One also needs to know that it only covers South-West England, mostly Devon & Cornwall and presumably not every single species recorded for these counties.  If you live or photograph British plants in other counties, especially some distance away, there will be species present on this site which do not grow in the county concerned and others recorded from the county, not present. 

Despite these imperfections - and after, nobody has the perfect site (the excellent Botanical Society of the British Isles is way behind-the-times in terms of digital photography compared with parts of North America and even other parts of the world) - this is one of the very best currently available.

There are also sites covering fauna in this part of the British Isles, so an excellent resource for those interested in natural history.  My compliments to David Fenwick.

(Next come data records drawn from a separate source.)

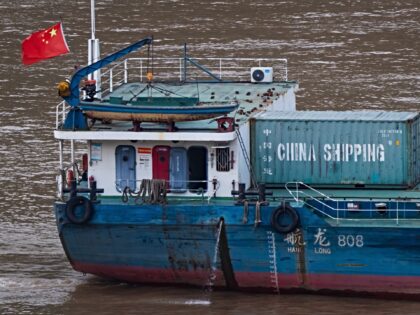 CHONGQING, CHINA - JULY 17: A Chinese cargo vessel carrying a China Shipping container and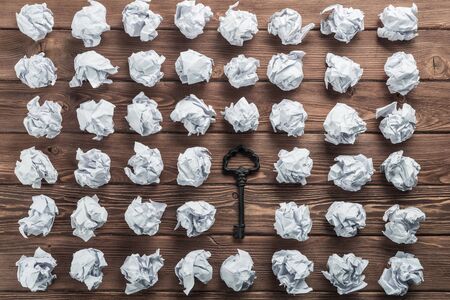 Vintage key among many balls of crumpled paper on wooden tableの写真素材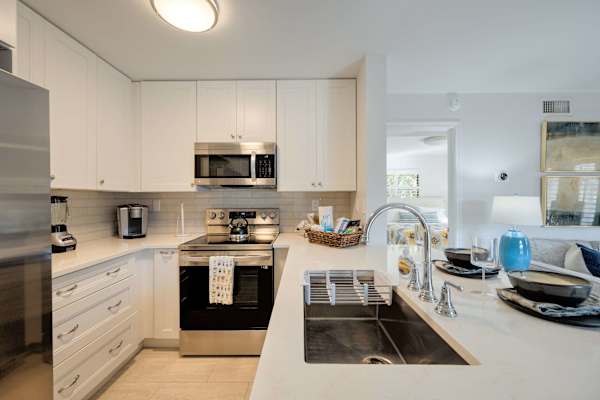 Full size refrigerator, sink, microwave, over, and electric range
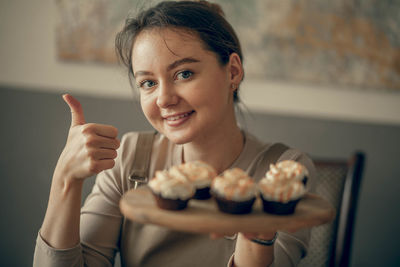 Young woman shows cool with cupcakes in  hand. cream decoration. bakery chef bakes cakes in kitchen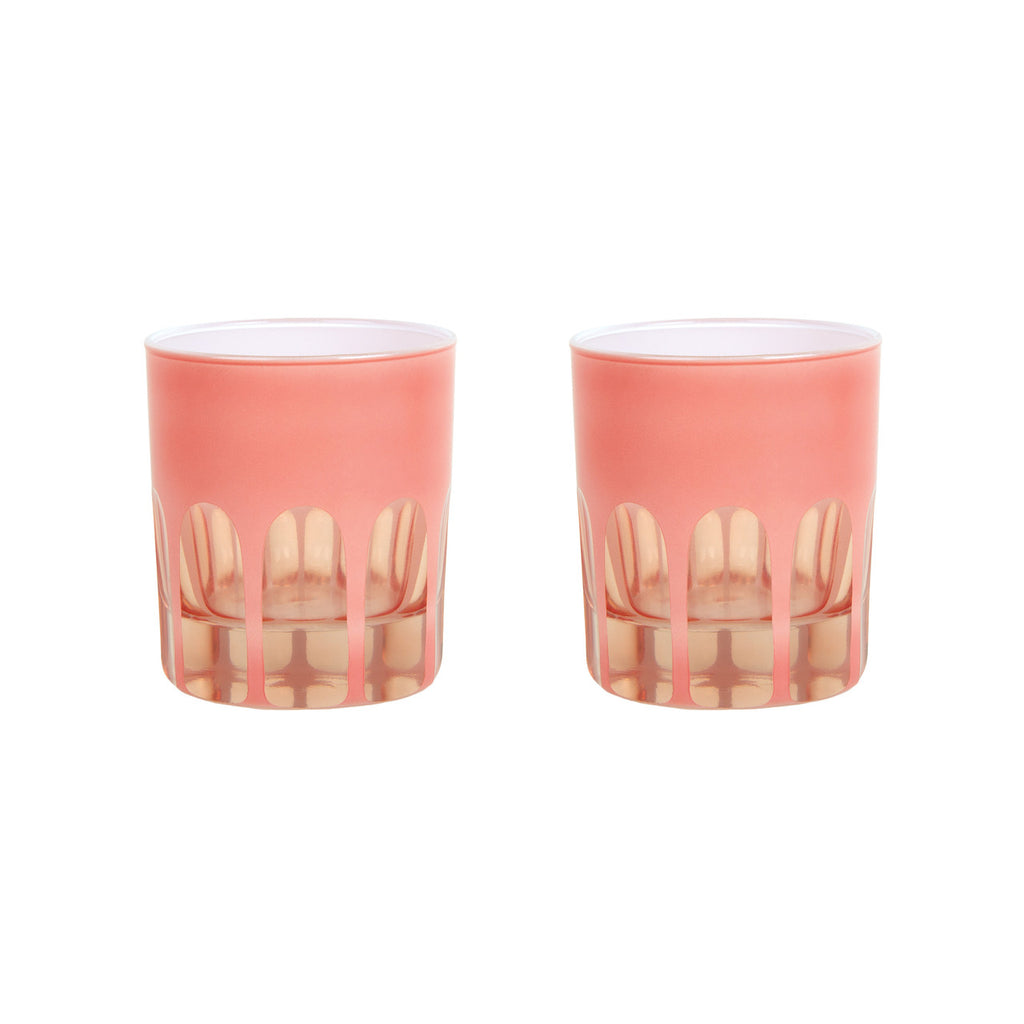 Pair of coral toned handblown glasses with a mix of opaque and transparent arches along the bottom. White background.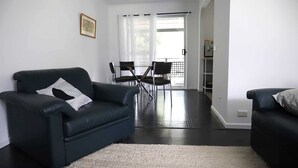 A modern living room with a black leather sofa, a dining area with a table and chairs, and a sliding glass door leading to a balcony. - Retro Beach House by HolidayCo. (MACMASTERS BEACH)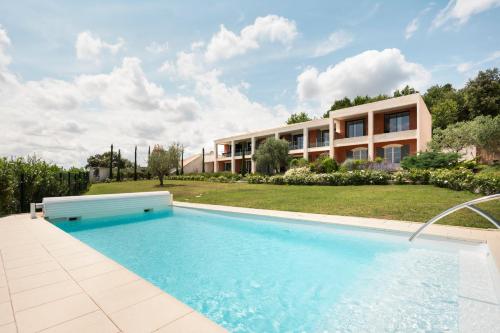 une maison avec piscine devant un immeuble dans l'établissement Le Mas des Oliviers, à Gréoux-les-Bains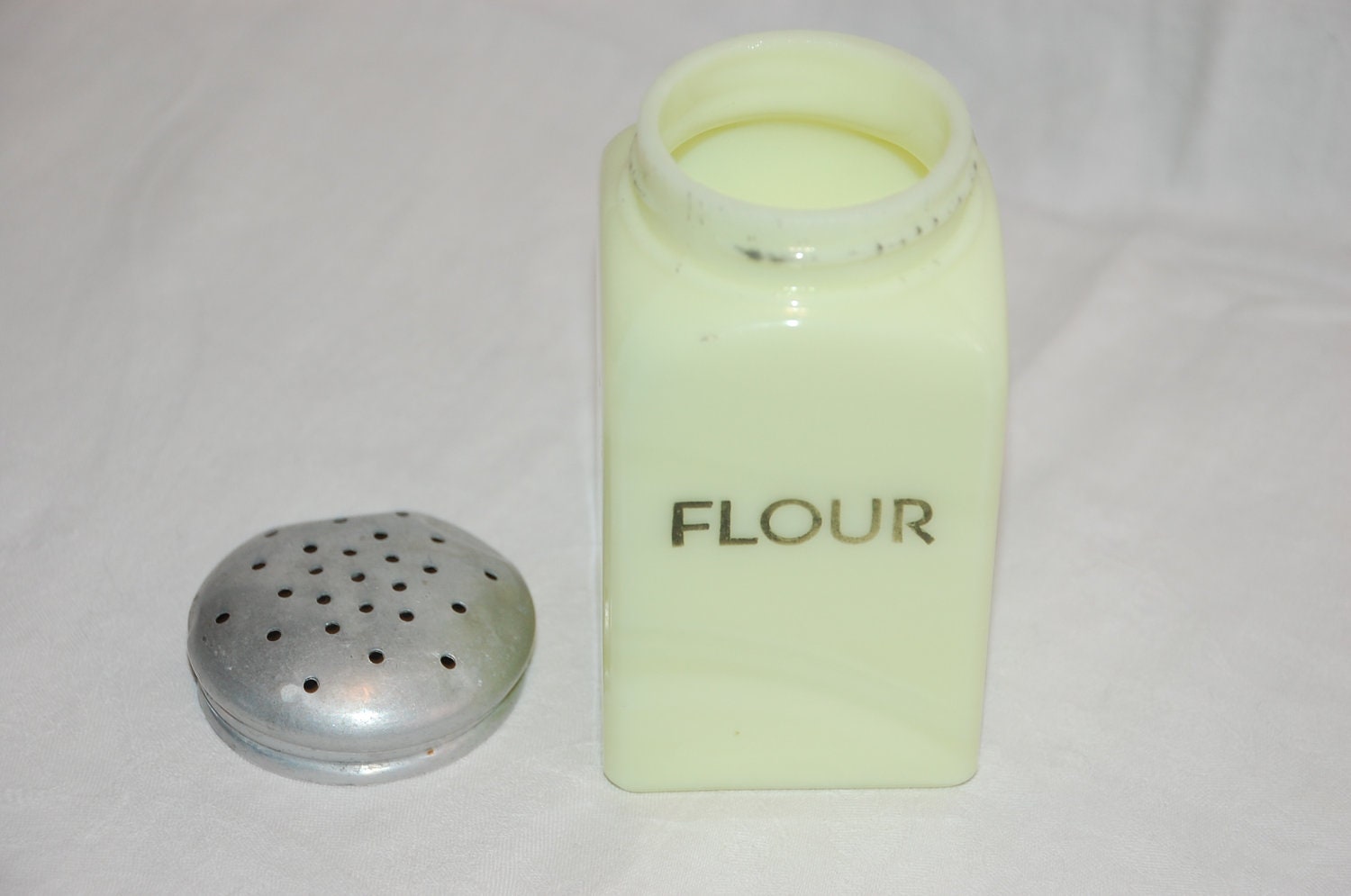 Vintage McKee Seville Yellow Flour range shaker with original lid and block letters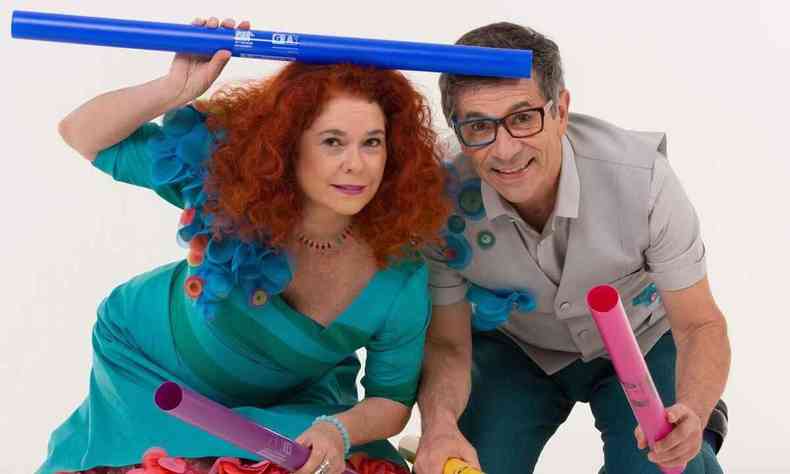 Sandra Peres, de vestido verde, e Paulo Tatit, de blusa bege, seguram brinquedos coloridos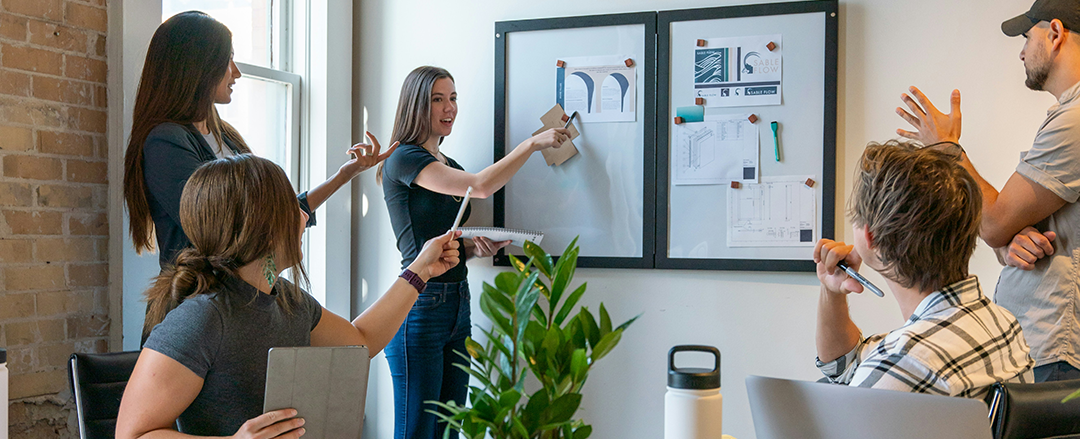 Team presenting concepts on wall boards in a meeting room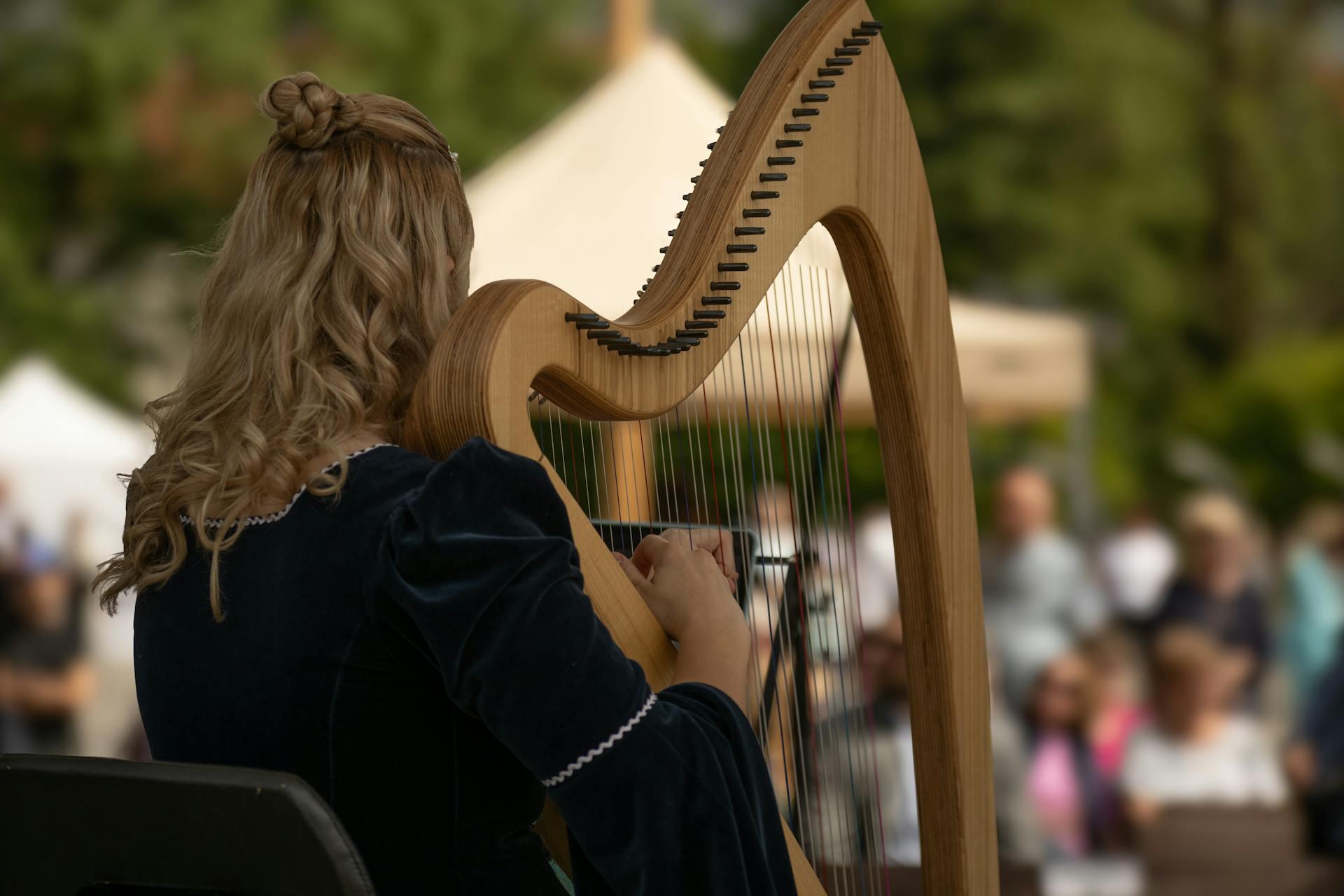 A Person Playing Harp.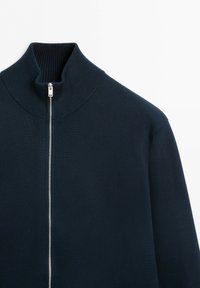 Mörkblå zip-up tröja med ribbad hög krage, visad mot en vit bakgrund.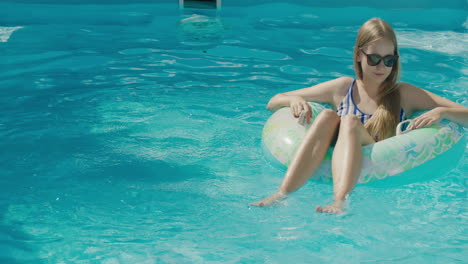 Ein-Junges-Mädchen-Schwimmt-In-Einem-Aufblasbaren-Kreis-Auf-Der-Oberfläche-Des-Pools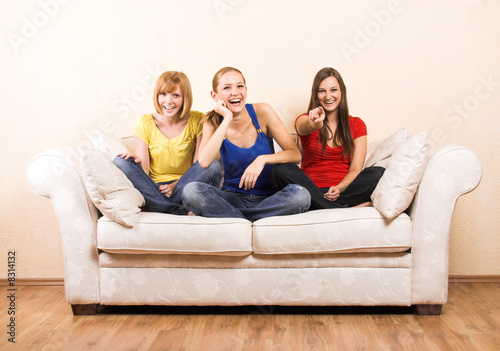 three girls sitting on a lounge are laughing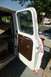 1970 Ford F-250 - The driver's side door of an old pickup truck is open, revealing the interior door panel and a glimpse of the cab.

NATURESPOT this also arranged by family, following the traditionally systematic approach of Ranunculaceae first and so on.  I find this annoying and time- consuming, as my recollection of where many of the families (I know most of them) are to be found.  Better if one must use families (I prefer using genera), to adopt the alphabetical approach of APHOTOFLORA (see above).

As with Aphotoflora, there are multiple images, rather than a single photo, as remains the case in too many site (and printed books, for economic reasons) but more than 4-6 are often required for the reasons mentioned above. Sometimes there is only a single image, such as for Cannabis sativa.

One needs to emphasise this site only covers Leicestershire and Rutland (in the Midlands of the UK).